View original post 102 more words

Next Year Obamacare Could Eat Up Your Raise

By Jonnelle Marte

Expecting to get a raise next year? It could be eaten up by your health care bill.

In an effort to meet the affordability requirement of the Affordable Care Act, which kicks in next year and requires that workers spend no more than 9.5% of their income on premiums, more employers are turning to insurance plans in which premiums vary based on a person’s salary, rather than having all workers pay a flat rate. That way, employees who make more money pay bigger premiums.

Also see: Young Americans may dodge health law

Some 12% of companies used salary-based premiums in 2012, up from 10% in 2011, according to a study by benefits consultant Mercer. The practice is especially common among large employers, with 20% of companies that have at least 5,000 employees using the strategy last year. A separate survey by the Kaiser Family Foundation found that the approach of varying premium contributions by wage level is more popular in the Northeast, where 9% of companies used the strategy, and in the Midwest, where 6% of employers did, compared with 2% of companies in the South and the West.

While the strategy, which some employers have been using for decades, is still not mainstream, more companies are adopting the system as a way to prepare for the health reform law. It makes sense for some employers to shift costs to wealthier workers, especially as health-care costs continue to grow at a faster clip than wages, says Tim Nimmer, chief actuary and chief broking officer with Aon Hewitt, a human-resources consulting firm. Companies feel more comfortable “putting that increase on their higher earners just because they can afford it,” says Nimmer. If premiums increase by $100 for a company’s chief executive it may seem “meaningless,” but “for someone making $25,000, it could be the difference between going out to eat or paying electric bills or buying gas,” he says.

The average total monthly premium for full-time employees grew to $832 this year, up nearly 14% from $731 in 2010, according to a study released by the ADP Research Institute this week. And those costs are taking up a larger percentage of income for lower-wage workers, the study found, with premiums taking up 8.4% of income for workers earning $15,000 to $20,000, up 0.9 percentage points from 2010 when premiums took up 7.5% of income. Workers earning more than $120,000, in contrast, paid 2.1% of their annual income on premiums.

Some companies will set up salary “bands” where they increase premiums in small increments of $5 or $10 based on income. Workers earning $25,000 to $50,000 may pay one rate, $50,000 to $100,00 another rate, and so on, says Nimmer.
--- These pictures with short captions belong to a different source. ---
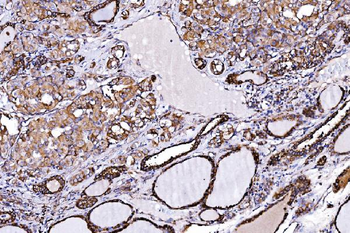 ORP150/HYOU1 Rabbit Polyclonal Antibody
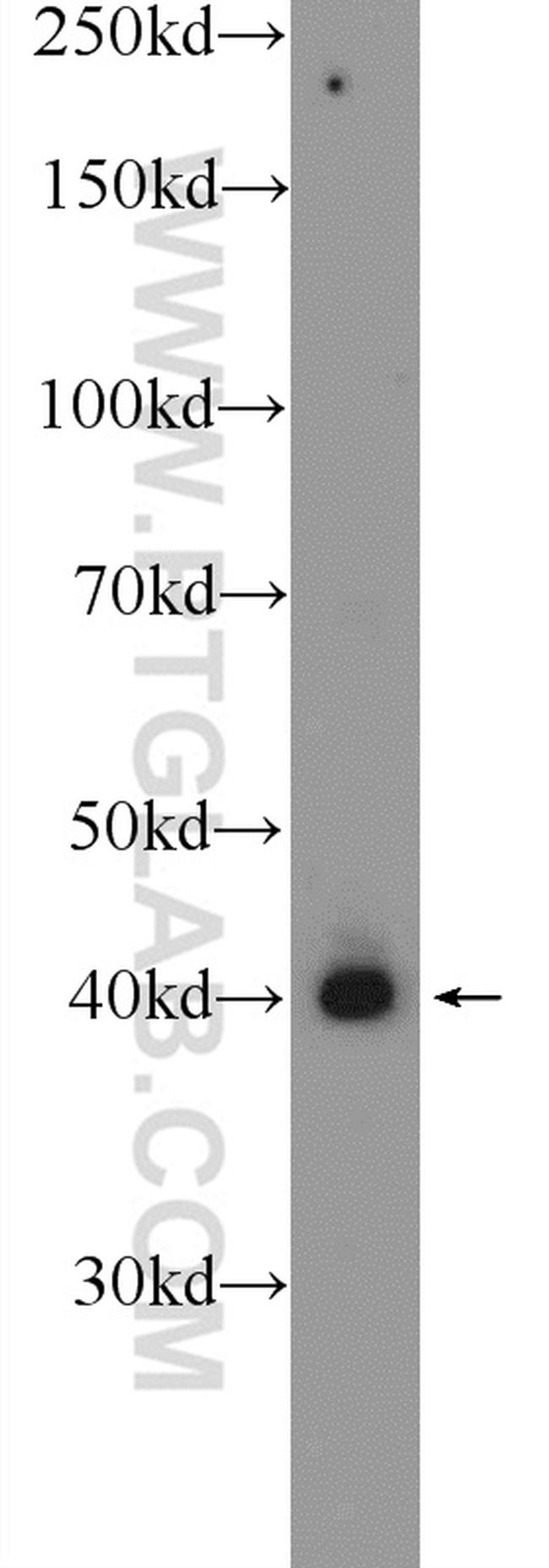 PUS1 Antibody in Western Blot (WB)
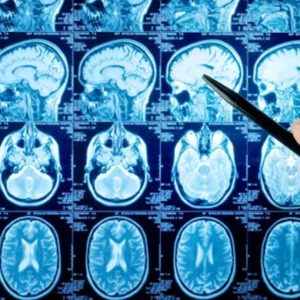 Neurological Rehabilitation Fellowship course in India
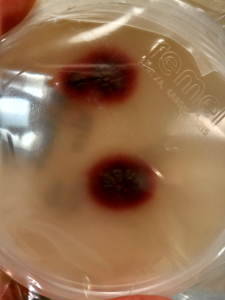 Colony morphology with deep purple red pigmentation.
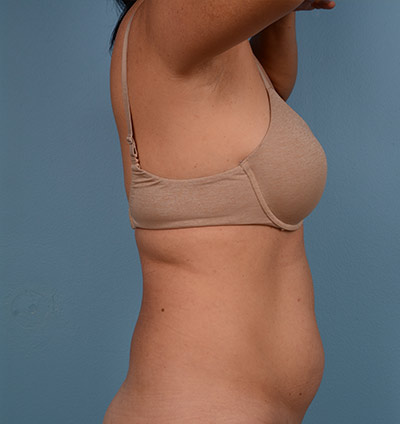 Vaser Liposuction Before & After Image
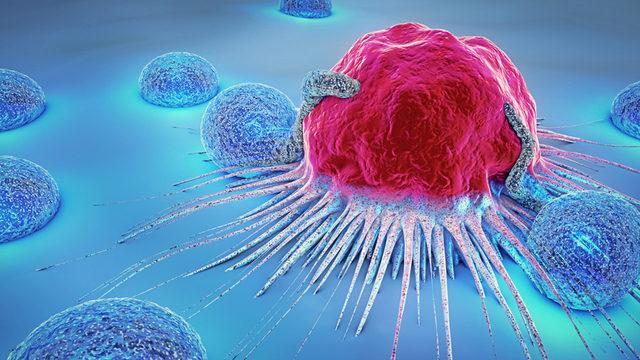 Kemik tümörü belirtileri ve tedavisi nedir? Geçmeyen kemik ağrıları kemik tümörü belirtisi olabilir!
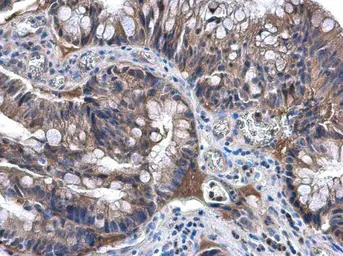 Anti-NAT1 antibody [N1C1] used in IHC (Paraffin sections) (IHC-P). GTX113619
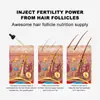 Aceite Esencial de Jengibre para el Cuidado del Cabello Transfronterizo Solución Nutritiva Aceite de Jengibre Esencia de Cuidado para Espesar el Cabello 30ml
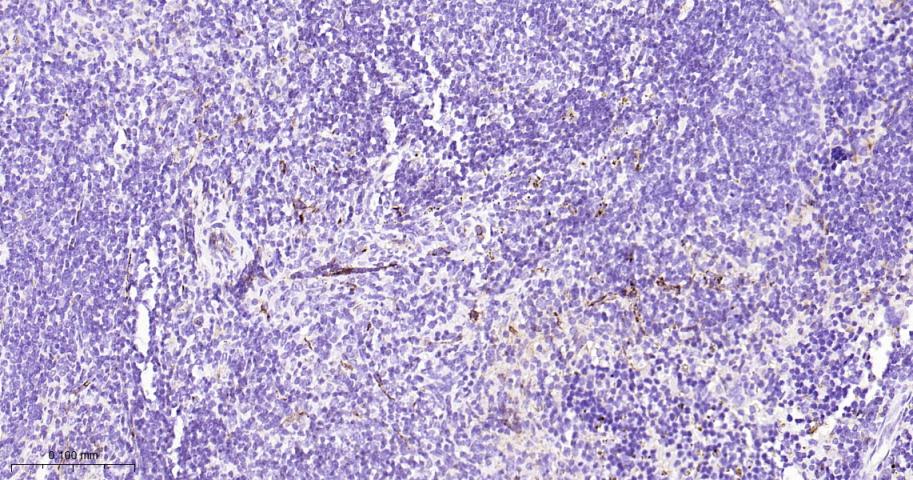 CD31 Rabbit pAb(bs-20322R)-50u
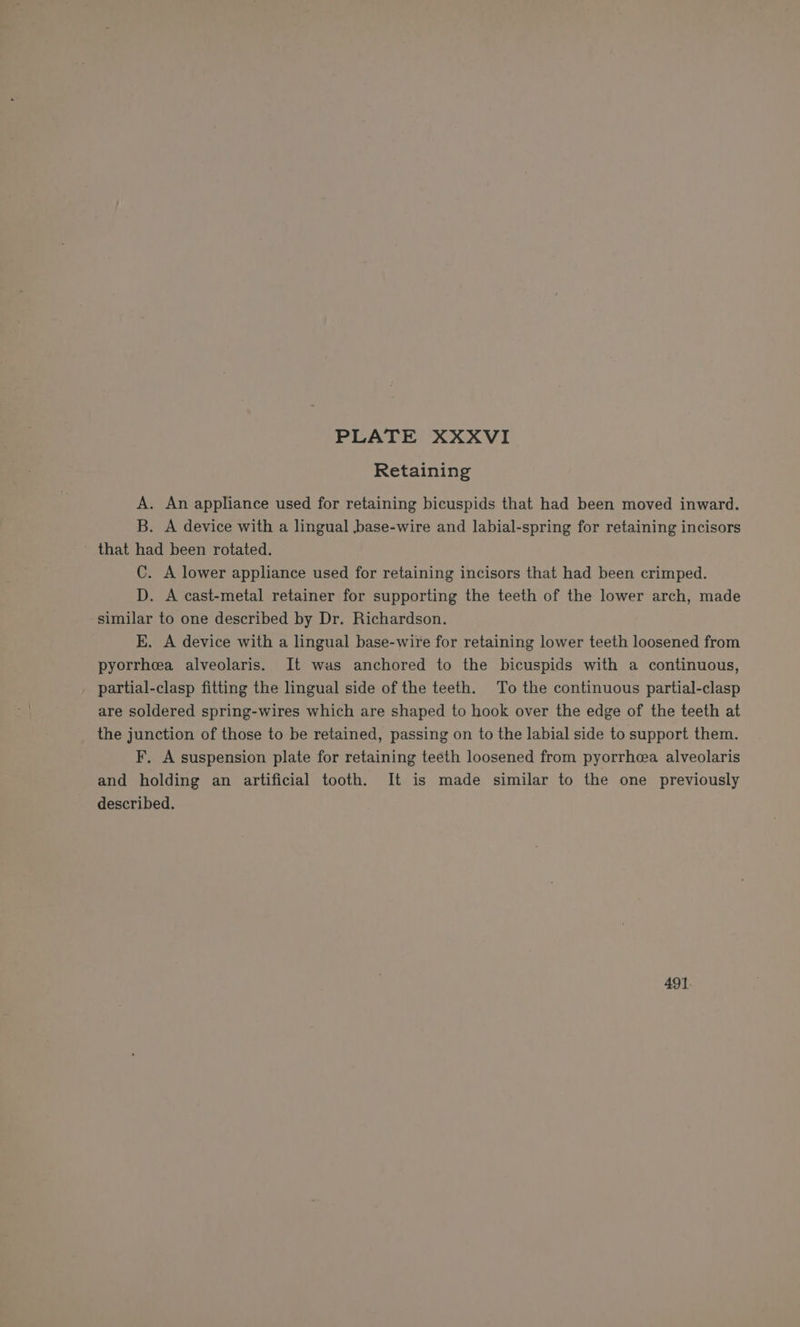 Retaining A. An appliance used for retaining bicuspids that had been moved inward. B. A device with a lingual base-wire and labial-spring for retaining incisors that had been rotated. C. A lower appliance used for retaining incisors that had been crimped. D. A cast-metal retainer for supporting the teeth of the lower arch, made similar to one described by Dr. Richardson. E. A device with a lingual base-wire for retaining lower teeth loosened from pyorrhea alveolaris. It was anchored to the bicuspids with a continuous, partial-clasp fitting the lingual side of the teeth. To the continuous partial-clasp are soldered spring-wires which are shaped to hook over the edge of the teeth at the junction of those to be retained, passing on to the labial side to support them. F. A suspension plate for retaining teeth loosened from pyorrheea alveolaris and holding an artificial tooth. It is made similar to the one previously described. 491.
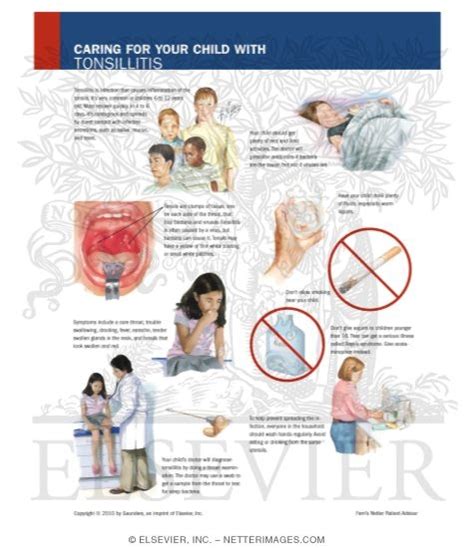 Caring For Your Child With Tonsillitis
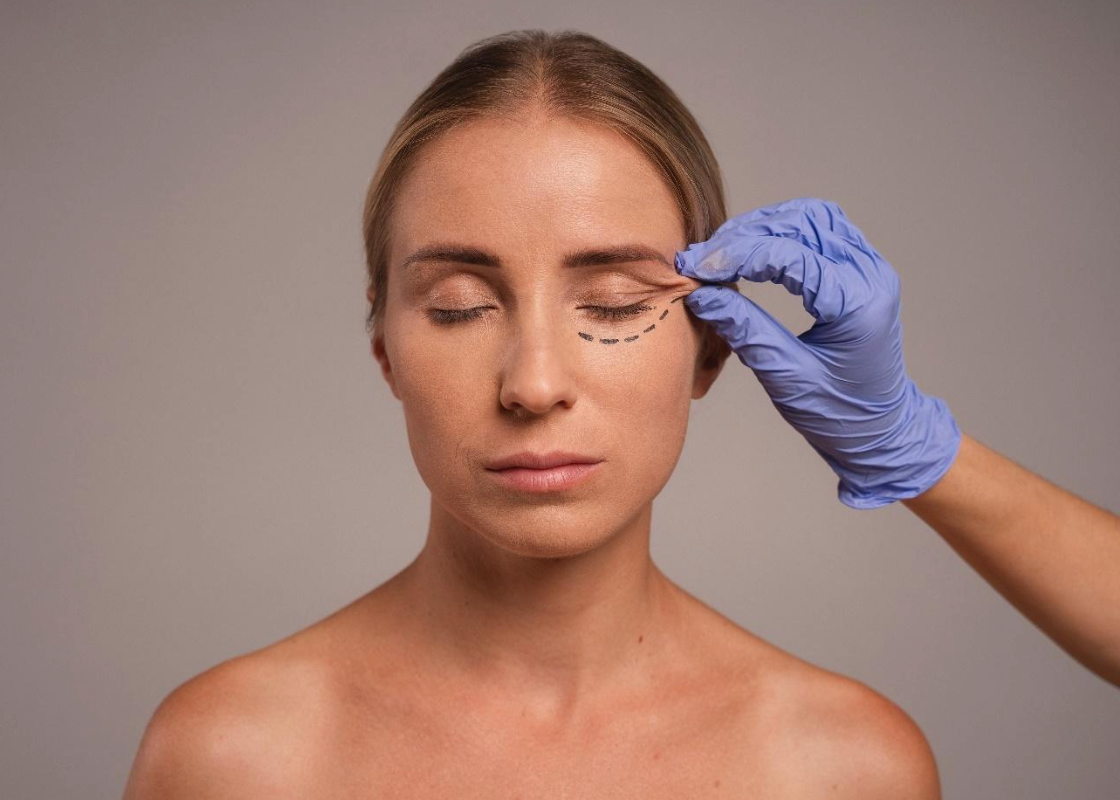 Deep Plane Facelift: Is It Still Relevant When the Optimum Mobility Facelift Is More Advanced?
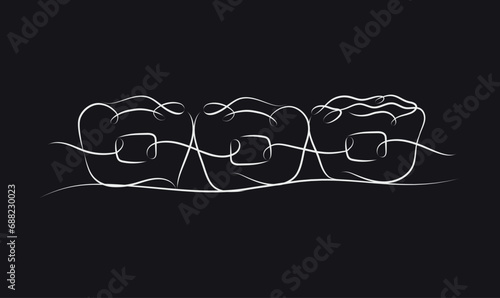 Obraz na płótnie Teeth braces illustration drawing in linear style on black color background w salonie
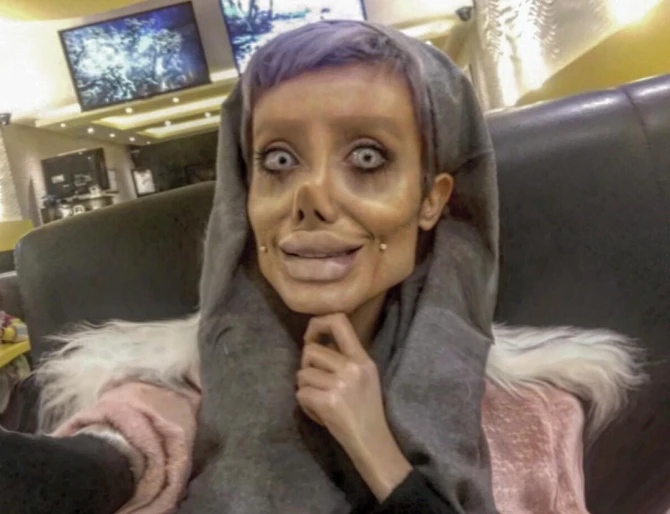 Ancelina Coliyə oxşamaq istəyən 19 yaşlı iranlı qız qorxulu vəziyyətə düşdü (FOTO)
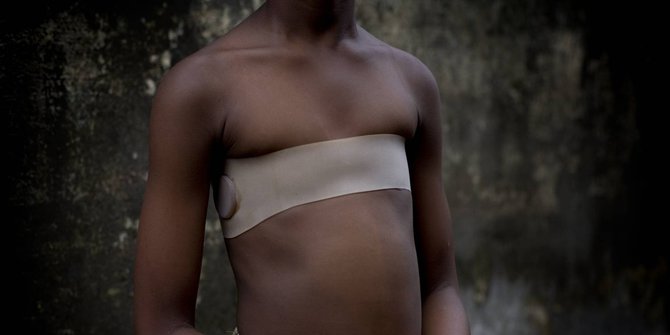 Setrika Payudara, Kekerasan terhadap Perempuan Afrika yang Jarang Disorot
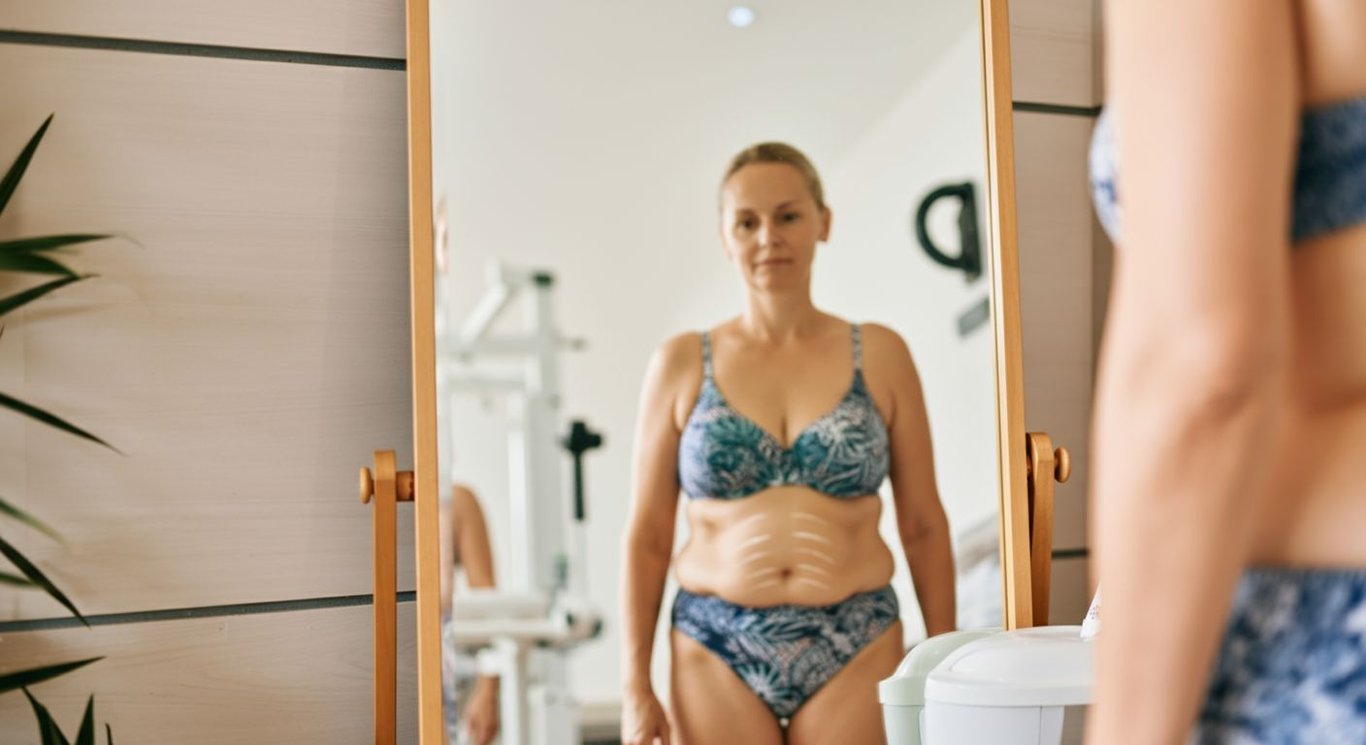 Liposuction recovery day-by-day guide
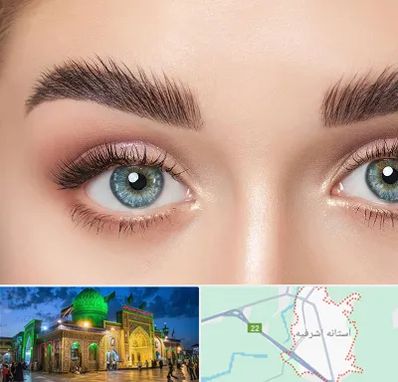 لیفت ابرو در آستانه اشرفیه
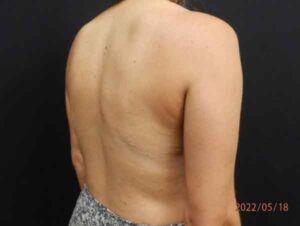 Liposuction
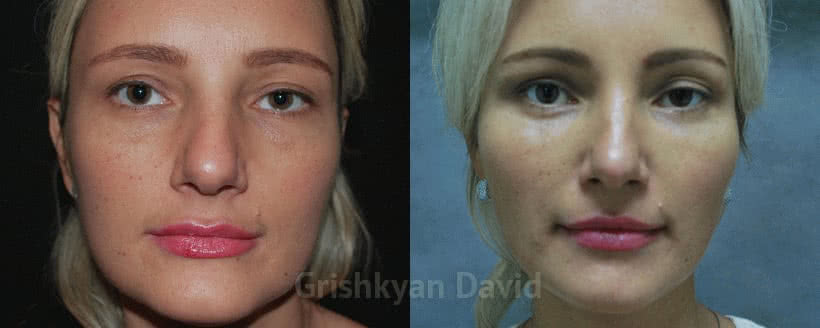 Фото Фото до и после липофилинг лица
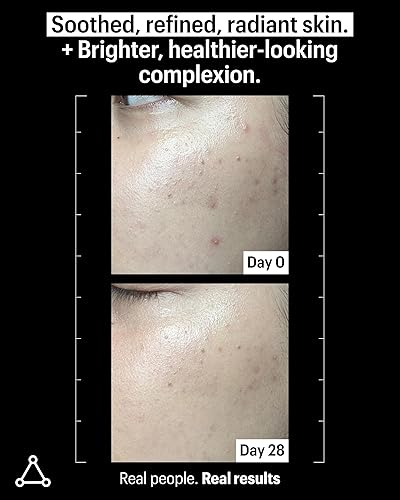 Miniatura 3 de Allies of Skin 20% Vitamina C Brighten + Suero Firme 20% ácido L-ascórbico etilado + Complejo de extracto de naranja con glutatión. Sin agua y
At some companies, the premium costs between lower wage workers and higher earners could vary by as much as 20%, he says.

The perks may seem obvious for the employees getting a break on their premiums, but it doesn’t offer total relief from rising health-care costs. Other expenses such as deductibles, copayments and coinsurance payments typically remain the same across all incomes. And health insurance experts say such programs face resistance from workers and other analysts questioning the fairness of the approach, especially at companies that don’t have large wage disparity between workers, says Helen Darling, president of the National Business Group on Health, a nonprofit group that represents employers offering health benefits to workers. ”You’re basically saying anybody under this gets a deal and anybody over it pays more,” says Darling. “So anybody close to the line is going to get mad.”

Still, some higher earners may be okay with the strategy for a less obvious reason: the tax perks. The earnings that workers use to pay health care premiums, along with the portion that employers put toward premiums, are exempt from income taxes, and that tax break is more valuable for higher earners who are subject to higher tax rates, says Gary Claxton, vice present of the Kaiser Family Foundation. It may be even more appealing after the new top tax bracket of 39.6% that was introduced this year for earnings above $400,000 for an individual, along with other tax hikes, goes into effect. “So if you’re a higher wage worker, you’re not likely to pass it up,” says Claxton.